Google Groups no longer supports new Usenet posts or subscriptions. Historical content remains viewable.
Dismiss

[perl #16144] [PATCH] quotematch speedup

1 view
Skip to first unread message

Nicholas Clark

unread,
Aug 12, 2002, 10:02:43 AM8/12/02
to perl6-i...@perl.org
On Mon, Aug 12, 2002 at 01:56:49PM +0000, jryan wrote:
> # New Ticket Created by jryan
> # Please include the string: [perl #16144]
> # in the subject line of all future correspondence about this issue.
> # <URL: http://rt.perl.org/rt2/Ticket/Display.html?id=16144 >
>
>
> Small speed patch for assemble.pl here...
> Benchmarks that I've done show that the new expression will
> match about 40% faster for strings that should match and fail
> about 400% faster for strings that should fail.
>
> Not really a big deal, but speed is good right? :)

Well, I find assemble.pl too slow, so I like speed.

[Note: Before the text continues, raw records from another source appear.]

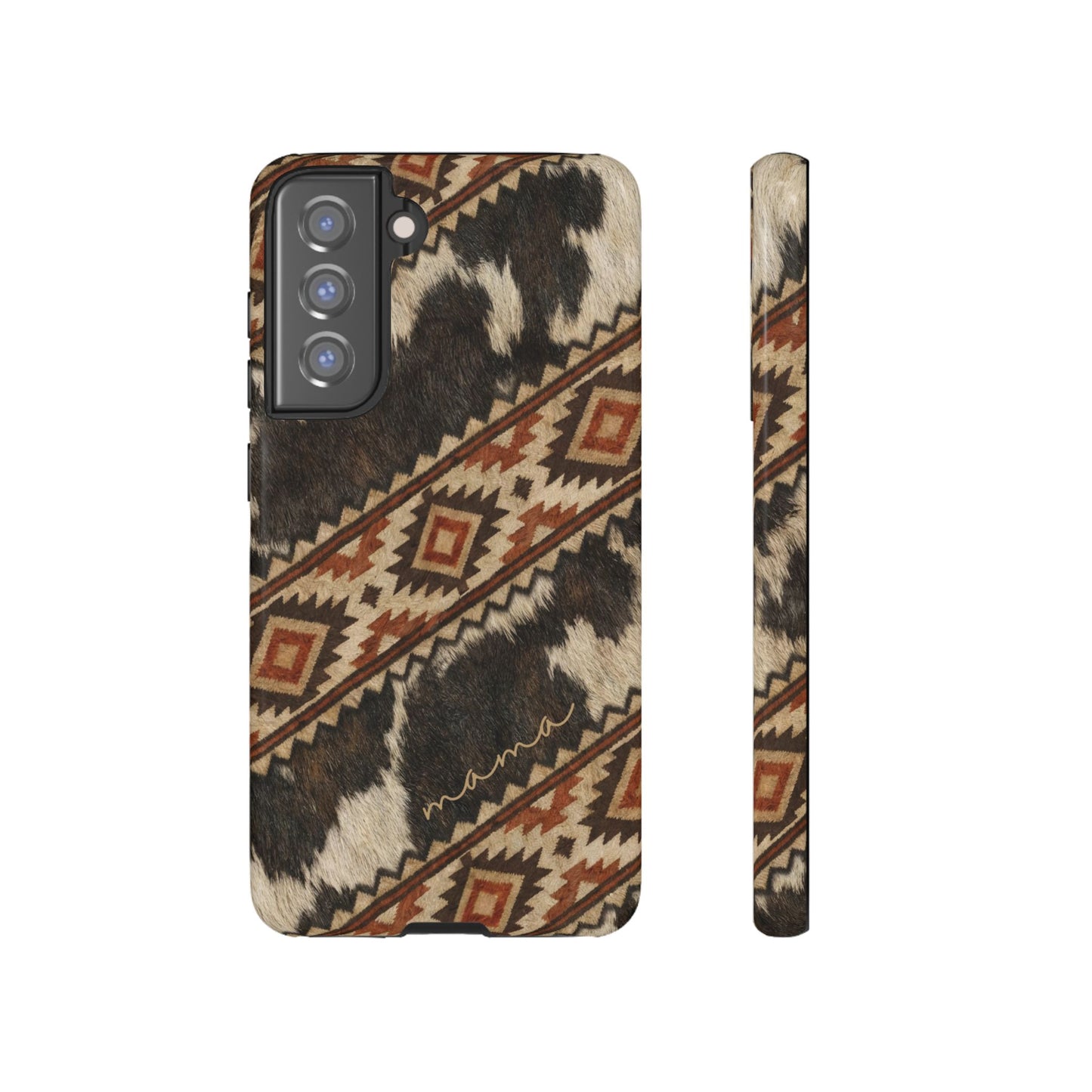Cowhide Aztec Mama Tough Case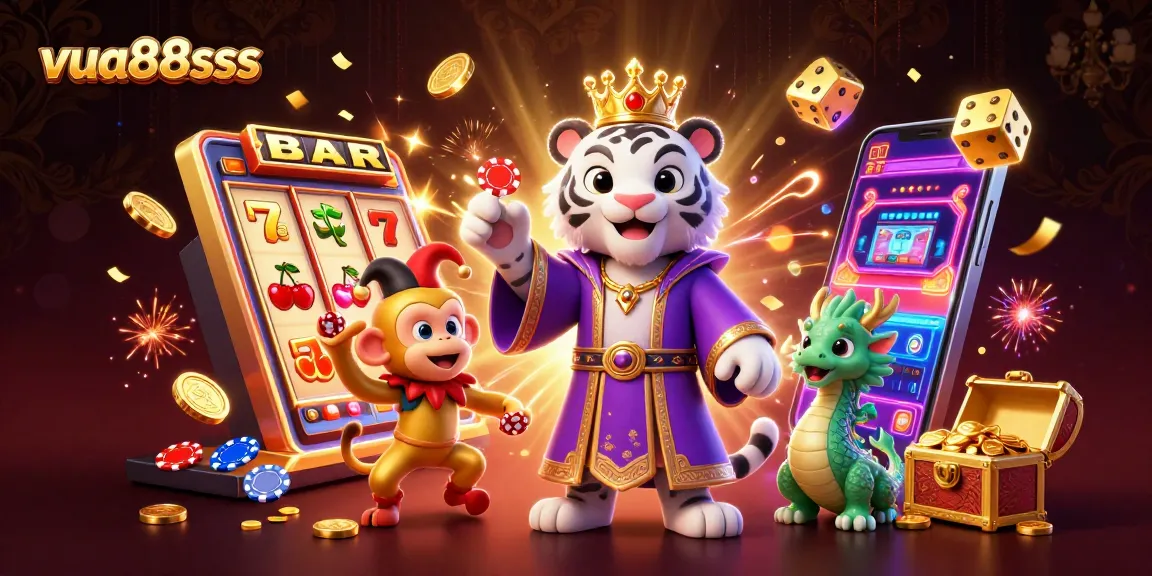 Win big at vua88sss with fun casino games, vibrant slot machines, and rich gold visuals.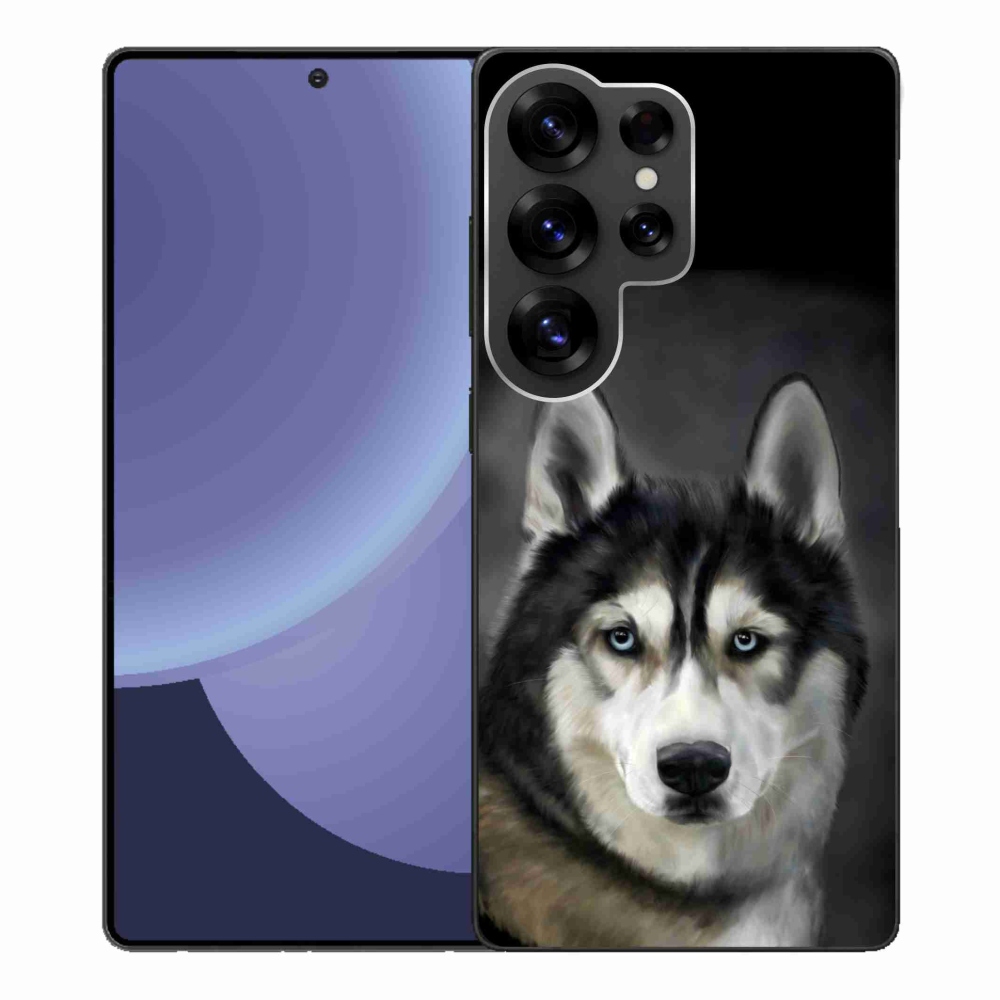Gelový kryt mmCase na Samsung Galaxy S25 Ultra - husky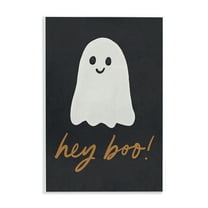 Stupell Industries Hey Boo Spooky Ghost Holiday Painting Unframed Art Print Wall Art, 10 x 15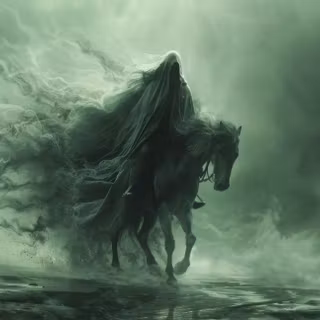 Ghost on a horse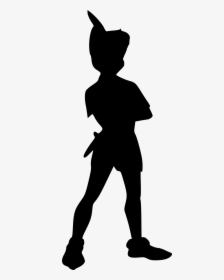 Movies, Personal Use, Peter Pan Standing, - Karate Silhouette Png, Transparent Png, Free Download
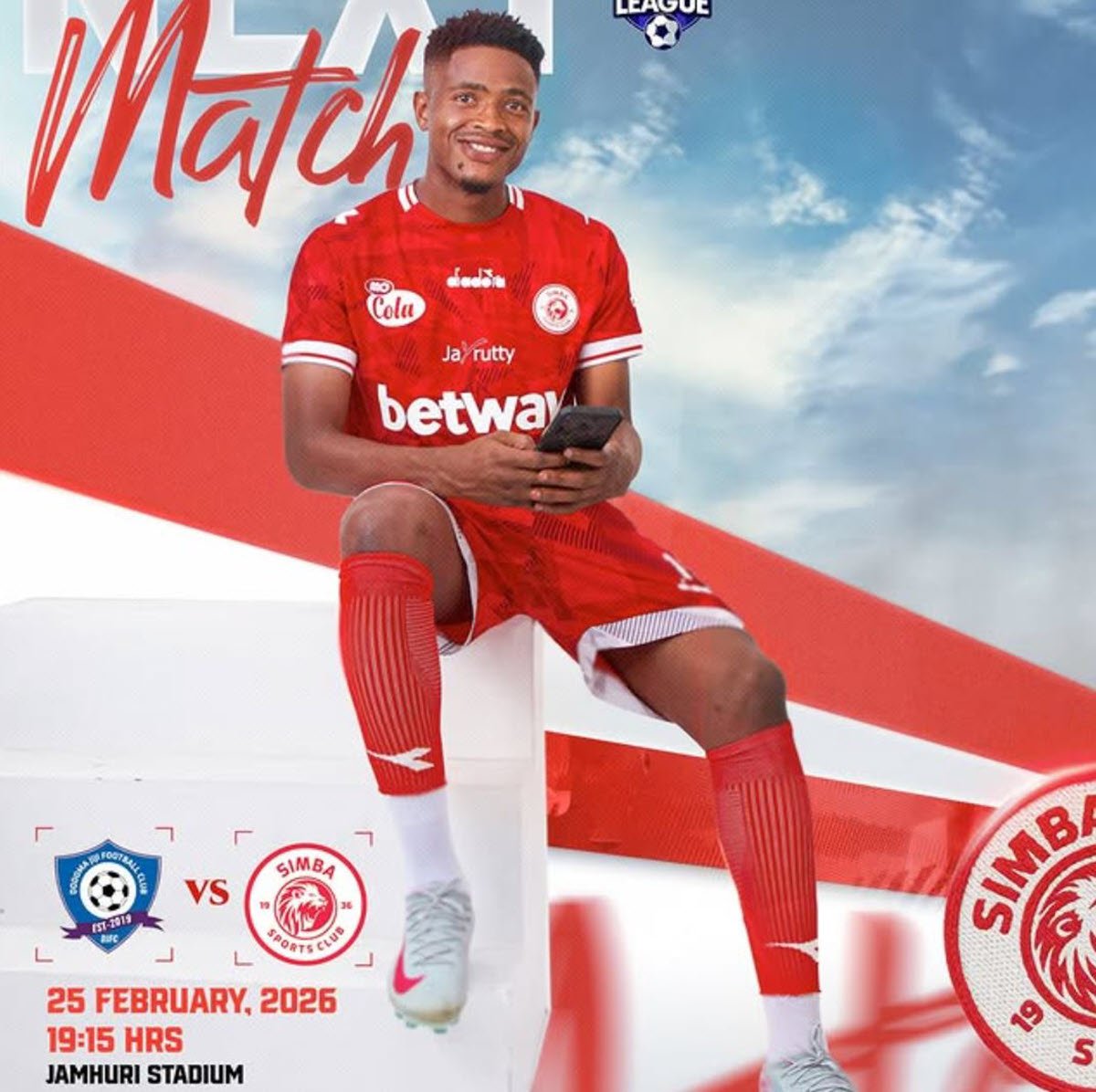 Matokeo ya Simba vs Dodoma Jiji Leo 25/02/2026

> --- assemble_old.pl 2002-08-04 21:00:02.000000000 -0400
> +++ assemble.pl 2002-08-12 00:03:56.000000000 -0400
> @@ -263,8 +263,8 @@ sub preprocess {
> }
> elsif(/^\.constant \s+
> ($label_re) \s+
> - (\"(?:[^\\\"]*(?:\\.[^\\\"]*)*)\" |
> - \'(?:[^\\\']*(?:\\.[^\\\']*)*)\'
> + ( " (?: \\. | [^\\"]* ) " |
> + ' (?: \\. | [^\\"]* ) '
> )/x) { # .constant {name} {string}
> $self->{constants}{$1} = $2;
> }

The regexp you've changed is identical to the $str_re regexp, isn't it?
In which case, does changing that section to $str_re and then changing the
(global) definition for $str_re to your better version give an even bigger
speedup?

Nicholas Clark

Simon Cozens

unread,
Aug 12, 2002, 11:01:13 AM8/12/02
to perl6-i...@perl.org
ni...@ccl4.org (Nicholas Clark) writes:
> Well, I find assemble.pl too slow, so I like speed.

Good grief. Maybe someone should implement it in XS; then as well as being
fast, we'd avoid duplicating code from the core, and we'd have the basis of
a bytecode emission library that things compiling to Parrot can use.

Oh, wait.

The assembler appears to have an amazingly cyclic lifestyle. Has anyone
suggested splitting it up to a bunch of different modules (again) yet?

--
When Simon Cozens writes code, I always think twice about whether
something is a bug or an esoteric implementation.
- Daniel Packer

Simon Cozens

unread,
Aug 12, 2002, 12:33:48 PM8/12/02
to Nicholas Clark, perl6-i...@perl.org
Nicholas Clark:
> Specifically:
> Why are we back to a single file assembler in pure perl?
> Why is it being proposed to be split up again?
> Are we going round in circles, or do the changes represent a spiral?

My design decisions for what *I* did, in rewriting the original assembler:

1) De-bloat the core bytecode reading/writing code.
2) De-bloat the assembler code, and make it much smaller and easier to
understand.
3) Reduce code duplication.
4) Make it *deliberately hard* to do clever stuff with assembler.pl, because
this is only a prototype, and Real Compilers will probably be written in C.
5) Remove assembly syntax which is only there for human consumption, to force
people to make higher-level tools such as imcc.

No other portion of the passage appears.